◆ **YOUR GOAL**: Only one stretch of the data is wanted: the line containing "Logitech G PRO", the line containing "Amethyst Trillion Cut", and every line between them, copied exactly.

◆ **PROVIDED MATERIAL**:
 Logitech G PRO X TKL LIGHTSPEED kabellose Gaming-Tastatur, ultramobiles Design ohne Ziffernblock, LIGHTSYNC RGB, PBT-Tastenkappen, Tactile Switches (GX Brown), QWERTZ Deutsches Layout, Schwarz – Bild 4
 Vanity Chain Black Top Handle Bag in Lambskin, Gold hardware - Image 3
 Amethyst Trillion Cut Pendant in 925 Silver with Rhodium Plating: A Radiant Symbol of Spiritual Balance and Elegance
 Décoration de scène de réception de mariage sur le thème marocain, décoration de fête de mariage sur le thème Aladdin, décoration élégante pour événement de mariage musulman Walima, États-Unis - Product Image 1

---

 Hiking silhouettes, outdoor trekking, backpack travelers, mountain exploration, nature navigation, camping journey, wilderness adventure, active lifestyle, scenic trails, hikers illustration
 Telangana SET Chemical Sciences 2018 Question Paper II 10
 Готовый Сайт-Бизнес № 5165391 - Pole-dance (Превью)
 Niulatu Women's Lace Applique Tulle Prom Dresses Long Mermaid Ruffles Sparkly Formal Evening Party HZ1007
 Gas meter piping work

◆ **SOLUTION TO THE EXERCISE**:
 Logitech G PRO X TKL LIGHTSPEED kabellose Gaming-Tastatur, ultramobiles Design ohne Ziffernblock, LIGHTSYNC RGB, PBT-Tastenkappen, Tactile Switches (GX Brown), QWERTZ Deutsches Layout, Schwarz – Bild 4
 Vanity Chain Black Top Handle Bag in Lambskin, Gold hardware - Image 3
 Amethyst Trillion Cut Pendant in 925 Silver with Rhodium Plating: A Radiant Symbol of Spiritual Balance and Elegance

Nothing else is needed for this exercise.